WORK INSTRUCTIONS
From the listing below, output only the lines starting at the line that has "Old Navy Straight" and ending at the line that has "504 S Walnut Street, Hartford City, IN 47348", exactly as they appear, ends included.

SOURCE MATERIAL
════════

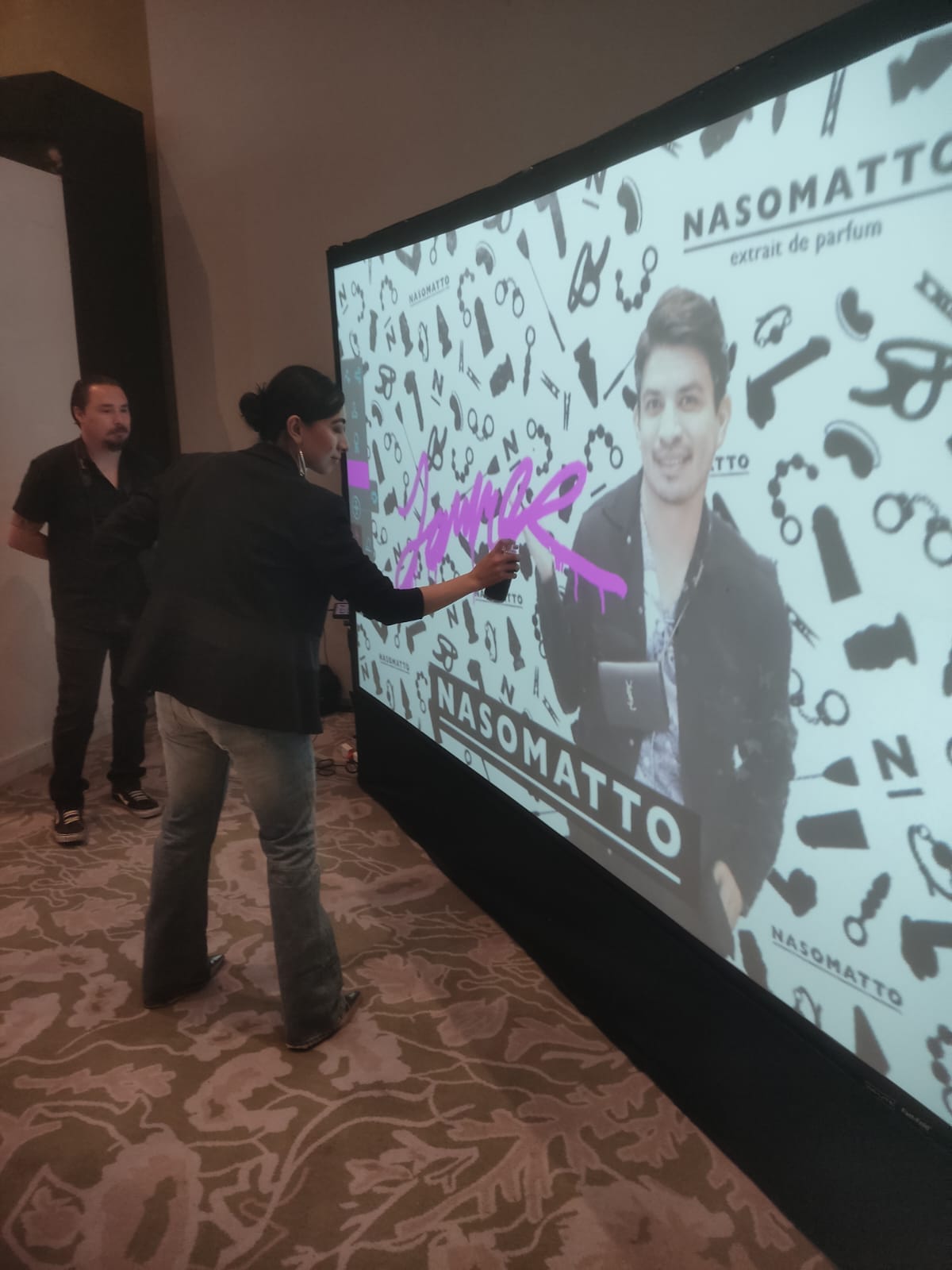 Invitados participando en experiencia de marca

════════

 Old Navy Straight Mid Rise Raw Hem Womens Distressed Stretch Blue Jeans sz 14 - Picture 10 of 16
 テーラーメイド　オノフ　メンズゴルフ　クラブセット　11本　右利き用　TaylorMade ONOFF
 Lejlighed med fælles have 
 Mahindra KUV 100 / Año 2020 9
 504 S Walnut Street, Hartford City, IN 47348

════════

SOLUTION TO THE PROBLEM
 Old Navy Straight Mid Rise Raw Hem Womens Distressed Stretch Blue Jeans sz 14 - Picture 10 of 16
 テーラーメイド　オノフ　メンズゴルフ　クラブセット　11本　右利き用　TaylorMade ONOFF
 Lejlighed med fælles have 
 Mahindra KUV 100 / Año 2020 9
 504 S Walnut Street, Hartford City, IN 47348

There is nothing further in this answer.